Harmony Public Schools and Taylor High School-Alief join STEM service-learning event as part of Global Youth Service Day
Approximately 200 high school students from Harmony Public Schools (HPS) and Taylor High School-Alief (THS) joined undergraduates at the University of Houston-Downtown (UHD) recently for a day of service and hands-on learning for the Buffalo Bayou Service Project.
As a part of Global Youth Service Day, the students took morning walking tours along the bayou with natural science professors and discussed flora and fauna found in Buffalo Bayou. The student teams then collected water samples and learned about invasive species in Buffalo Bayou by examining them under microscopes set up along the shore.

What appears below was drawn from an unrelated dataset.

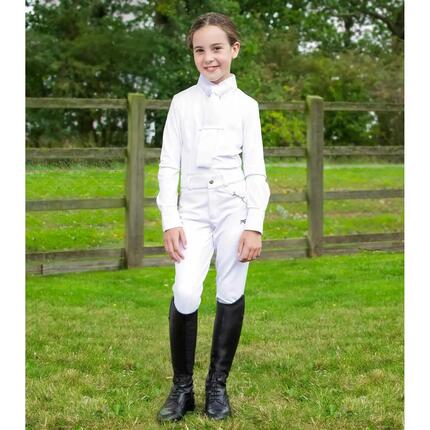 Pantalon équitation full grip fille Premier Equine Brava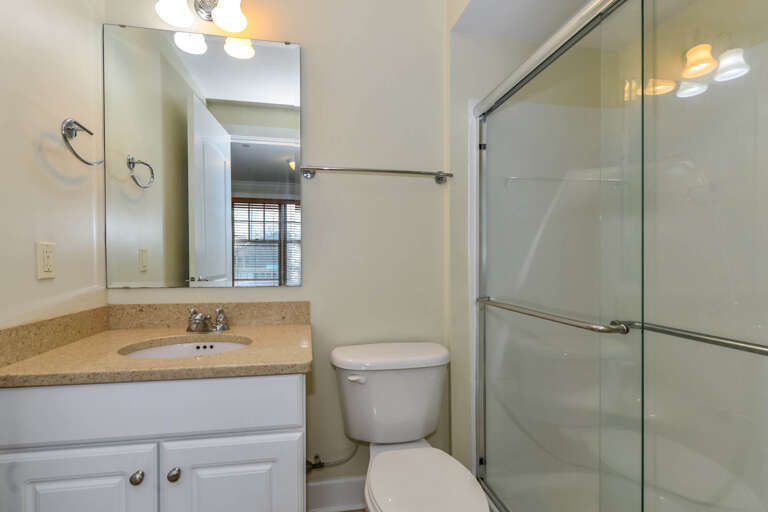 Full Bathroom on Entry Level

Students performed chemistry experiments with Tyra Hessel, Ph.D., associate professor of chemistry, and Eszter Trufan, Ph.D., assistant professor of chemistry. The students then rotated to experiments in field biology with Michael Tobin, Ph.D., assistant professor of biology, and made observations in environmental microbiology with Gabriela Bowden, Ph.D., assistant professor of microbiology, who later gave a presentation to participants on the microbiome. Students also took walking tours of the bayou hosted by Brad Hoge, Ph.D., associate professor of geology and science education.
"UHD's Center for Community Engagement & Service Learning is proud to partner with HPS and THS in this high-impact, community engagement project that ignites young students' passion for the sciences, while also beautifying Buffalo Bayou," said Bill Flores, Ph.D., president of UHD. "This day of service introduces students to exciting science, technology, engineering and mathematics (STEM) fields and highlights the importance of giving back to the communities where we live and work."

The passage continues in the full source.